Working from the entries below, give again each line from the first through the one containing "8 rooms House", exactly and with nothing else.

---------- Data to examine

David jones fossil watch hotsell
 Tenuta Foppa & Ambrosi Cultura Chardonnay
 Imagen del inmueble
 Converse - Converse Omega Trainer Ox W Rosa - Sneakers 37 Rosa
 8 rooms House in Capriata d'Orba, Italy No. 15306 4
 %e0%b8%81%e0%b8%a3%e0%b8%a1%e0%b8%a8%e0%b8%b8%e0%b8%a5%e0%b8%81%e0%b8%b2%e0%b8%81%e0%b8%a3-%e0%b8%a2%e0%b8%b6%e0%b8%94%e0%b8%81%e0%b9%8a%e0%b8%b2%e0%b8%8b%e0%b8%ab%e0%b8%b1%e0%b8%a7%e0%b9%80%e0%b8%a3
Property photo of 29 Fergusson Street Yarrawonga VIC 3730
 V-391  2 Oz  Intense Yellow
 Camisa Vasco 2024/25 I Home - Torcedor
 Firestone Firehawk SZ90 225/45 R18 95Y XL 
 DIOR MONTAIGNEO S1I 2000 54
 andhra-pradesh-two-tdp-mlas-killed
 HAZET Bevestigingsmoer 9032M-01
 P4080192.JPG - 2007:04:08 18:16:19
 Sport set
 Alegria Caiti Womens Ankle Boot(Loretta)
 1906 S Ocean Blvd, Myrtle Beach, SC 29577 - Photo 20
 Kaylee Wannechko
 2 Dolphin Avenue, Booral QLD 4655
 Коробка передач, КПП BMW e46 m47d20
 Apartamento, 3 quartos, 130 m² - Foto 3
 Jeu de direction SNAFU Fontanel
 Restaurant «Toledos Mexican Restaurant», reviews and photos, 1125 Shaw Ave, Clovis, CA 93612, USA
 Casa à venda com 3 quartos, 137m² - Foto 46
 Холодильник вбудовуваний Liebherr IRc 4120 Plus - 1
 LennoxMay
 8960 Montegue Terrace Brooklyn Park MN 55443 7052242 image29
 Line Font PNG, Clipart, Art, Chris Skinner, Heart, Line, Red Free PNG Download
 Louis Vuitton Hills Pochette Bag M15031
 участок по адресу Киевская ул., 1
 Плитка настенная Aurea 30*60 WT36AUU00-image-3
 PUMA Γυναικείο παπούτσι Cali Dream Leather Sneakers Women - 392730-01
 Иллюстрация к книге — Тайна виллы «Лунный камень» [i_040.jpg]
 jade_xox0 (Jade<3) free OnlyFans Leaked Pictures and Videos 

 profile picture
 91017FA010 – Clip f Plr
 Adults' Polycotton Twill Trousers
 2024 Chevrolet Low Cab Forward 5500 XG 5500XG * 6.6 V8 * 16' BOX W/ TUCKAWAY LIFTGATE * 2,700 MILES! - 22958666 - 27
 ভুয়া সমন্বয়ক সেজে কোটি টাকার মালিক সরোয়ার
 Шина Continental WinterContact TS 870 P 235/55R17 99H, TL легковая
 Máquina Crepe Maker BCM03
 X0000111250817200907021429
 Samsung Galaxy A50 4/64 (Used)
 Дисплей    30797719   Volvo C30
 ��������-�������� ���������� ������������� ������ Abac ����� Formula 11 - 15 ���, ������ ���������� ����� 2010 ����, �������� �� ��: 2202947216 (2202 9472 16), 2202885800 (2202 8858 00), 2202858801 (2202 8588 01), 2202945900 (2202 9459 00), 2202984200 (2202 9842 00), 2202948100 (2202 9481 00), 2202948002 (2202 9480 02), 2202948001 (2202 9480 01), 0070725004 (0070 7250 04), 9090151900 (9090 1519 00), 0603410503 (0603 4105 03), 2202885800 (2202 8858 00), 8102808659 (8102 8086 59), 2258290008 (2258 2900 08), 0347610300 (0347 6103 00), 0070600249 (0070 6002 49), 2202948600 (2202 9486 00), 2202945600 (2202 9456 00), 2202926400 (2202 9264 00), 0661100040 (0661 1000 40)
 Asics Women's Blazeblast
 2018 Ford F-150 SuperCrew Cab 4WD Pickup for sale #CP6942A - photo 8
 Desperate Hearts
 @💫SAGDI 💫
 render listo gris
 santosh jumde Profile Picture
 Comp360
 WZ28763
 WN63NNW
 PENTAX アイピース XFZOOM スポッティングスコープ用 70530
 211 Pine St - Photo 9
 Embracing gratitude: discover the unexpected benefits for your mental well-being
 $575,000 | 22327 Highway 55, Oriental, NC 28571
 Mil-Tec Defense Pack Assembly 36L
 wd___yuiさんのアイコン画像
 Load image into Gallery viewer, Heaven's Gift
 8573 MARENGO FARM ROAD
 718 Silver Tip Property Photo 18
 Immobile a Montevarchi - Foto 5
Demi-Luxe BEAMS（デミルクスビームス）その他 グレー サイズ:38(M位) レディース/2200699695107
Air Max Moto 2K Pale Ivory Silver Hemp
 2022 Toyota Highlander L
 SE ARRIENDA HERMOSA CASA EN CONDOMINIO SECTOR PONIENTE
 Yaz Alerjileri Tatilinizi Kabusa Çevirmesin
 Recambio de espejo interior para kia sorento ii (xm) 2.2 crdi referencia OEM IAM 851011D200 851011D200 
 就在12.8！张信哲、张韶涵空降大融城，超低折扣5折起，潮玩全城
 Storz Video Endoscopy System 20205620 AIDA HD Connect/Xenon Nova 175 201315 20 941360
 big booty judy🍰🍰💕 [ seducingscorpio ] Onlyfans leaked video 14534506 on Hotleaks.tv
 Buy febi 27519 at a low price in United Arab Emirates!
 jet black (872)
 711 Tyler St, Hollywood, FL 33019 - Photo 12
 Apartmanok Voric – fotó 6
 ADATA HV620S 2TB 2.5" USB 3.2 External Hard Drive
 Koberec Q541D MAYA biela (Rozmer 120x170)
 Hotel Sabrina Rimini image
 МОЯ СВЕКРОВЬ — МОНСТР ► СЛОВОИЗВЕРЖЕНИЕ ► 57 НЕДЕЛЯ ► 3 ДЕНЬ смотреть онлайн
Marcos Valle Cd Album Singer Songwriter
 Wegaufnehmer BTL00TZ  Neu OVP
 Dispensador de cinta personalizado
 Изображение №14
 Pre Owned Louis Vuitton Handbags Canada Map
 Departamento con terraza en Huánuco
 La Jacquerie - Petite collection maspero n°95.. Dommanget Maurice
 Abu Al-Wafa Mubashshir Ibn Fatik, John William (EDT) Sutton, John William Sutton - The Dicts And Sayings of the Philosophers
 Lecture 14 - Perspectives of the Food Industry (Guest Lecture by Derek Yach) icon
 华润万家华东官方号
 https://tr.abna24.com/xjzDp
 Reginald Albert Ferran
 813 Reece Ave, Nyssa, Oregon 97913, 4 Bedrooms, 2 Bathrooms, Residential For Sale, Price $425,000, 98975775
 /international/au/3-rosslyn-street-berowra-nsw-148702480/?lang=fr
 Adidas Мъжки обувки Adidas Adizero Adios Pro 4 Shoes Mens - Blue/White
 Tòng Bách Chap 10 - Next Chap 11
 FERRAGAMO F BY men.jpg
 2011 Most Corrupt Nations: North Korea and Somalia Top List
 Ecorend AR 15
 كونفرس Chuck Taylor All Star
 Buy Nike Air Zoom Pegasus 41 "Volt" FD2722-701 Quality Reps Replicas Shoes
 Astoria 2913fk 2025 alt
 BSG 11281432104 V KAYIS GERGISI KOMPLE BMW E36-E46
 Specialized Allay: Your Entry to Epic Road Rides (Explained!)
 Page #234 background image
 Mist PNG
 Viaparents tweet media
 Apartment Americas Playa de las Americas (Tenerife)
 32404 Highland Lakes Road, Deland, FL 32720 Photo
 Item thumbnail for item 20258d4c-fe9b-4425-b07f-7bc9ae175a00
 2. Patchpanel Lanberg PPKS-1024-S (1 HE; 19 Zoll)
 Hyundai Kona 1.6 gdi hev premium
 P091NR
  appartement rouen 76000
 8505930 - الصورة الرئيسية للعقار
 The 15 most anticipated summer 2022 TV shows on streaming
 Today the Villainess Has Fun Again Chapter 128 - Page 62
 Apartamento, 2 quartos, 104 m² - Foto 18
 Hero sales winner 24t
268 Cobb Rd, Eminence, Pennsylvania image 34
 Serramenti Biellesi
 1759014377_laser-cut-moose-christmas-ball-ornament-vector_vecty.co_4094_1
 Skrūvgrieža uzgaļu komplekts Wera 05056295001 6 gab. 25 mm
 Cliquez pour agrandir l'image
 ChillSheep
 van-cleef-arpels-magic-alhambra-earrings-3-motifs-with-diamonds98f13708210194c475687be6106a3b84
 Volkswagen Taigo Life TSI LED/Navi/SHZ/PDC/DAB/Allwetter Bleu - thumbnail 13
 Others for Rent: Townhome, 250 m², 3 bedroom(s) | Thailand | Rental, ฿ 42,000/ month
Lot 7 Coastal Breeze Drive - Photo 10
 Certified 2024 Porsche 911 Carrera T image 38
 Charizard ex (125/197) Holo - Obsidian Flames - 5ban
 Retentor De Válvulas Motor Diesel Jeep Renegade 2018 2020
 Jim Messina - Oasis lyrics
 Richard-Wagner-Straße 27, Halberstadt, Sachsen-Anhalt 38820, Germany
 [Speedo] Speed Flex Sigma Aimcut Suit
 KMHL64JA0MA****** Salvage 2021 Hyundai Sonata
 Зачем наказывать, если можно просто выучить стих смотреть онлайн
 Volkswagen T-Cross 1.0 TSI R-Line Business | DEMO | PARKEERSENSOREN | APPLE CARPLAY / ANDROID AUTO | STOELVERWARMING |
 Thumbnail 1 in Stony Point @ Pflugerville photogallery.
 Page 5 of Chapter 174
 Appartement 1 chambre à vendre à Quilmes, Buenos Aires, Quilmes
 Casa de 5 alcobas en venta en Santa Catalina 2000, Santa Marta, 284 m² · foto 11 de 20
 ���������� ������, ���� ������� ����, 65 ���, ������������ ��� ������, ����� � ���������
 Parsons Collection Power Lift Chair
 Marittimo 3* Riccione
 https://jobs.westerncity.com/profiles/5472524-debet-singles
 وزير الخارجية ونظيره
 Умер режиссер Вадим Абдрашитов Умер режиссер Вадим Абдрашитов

--------------------

◆ Answer space:
David jones fossil watch hotsell
 Tenuta Foppa & Ambrosi Cultura Chardonnay
 Imagen del inmueble
 Converse - Converse Omega Trainer Ox W Rosa - Sneakers 37 Rosa
 8 rooms House in Capriata d'Orba, Italy No. 15306 4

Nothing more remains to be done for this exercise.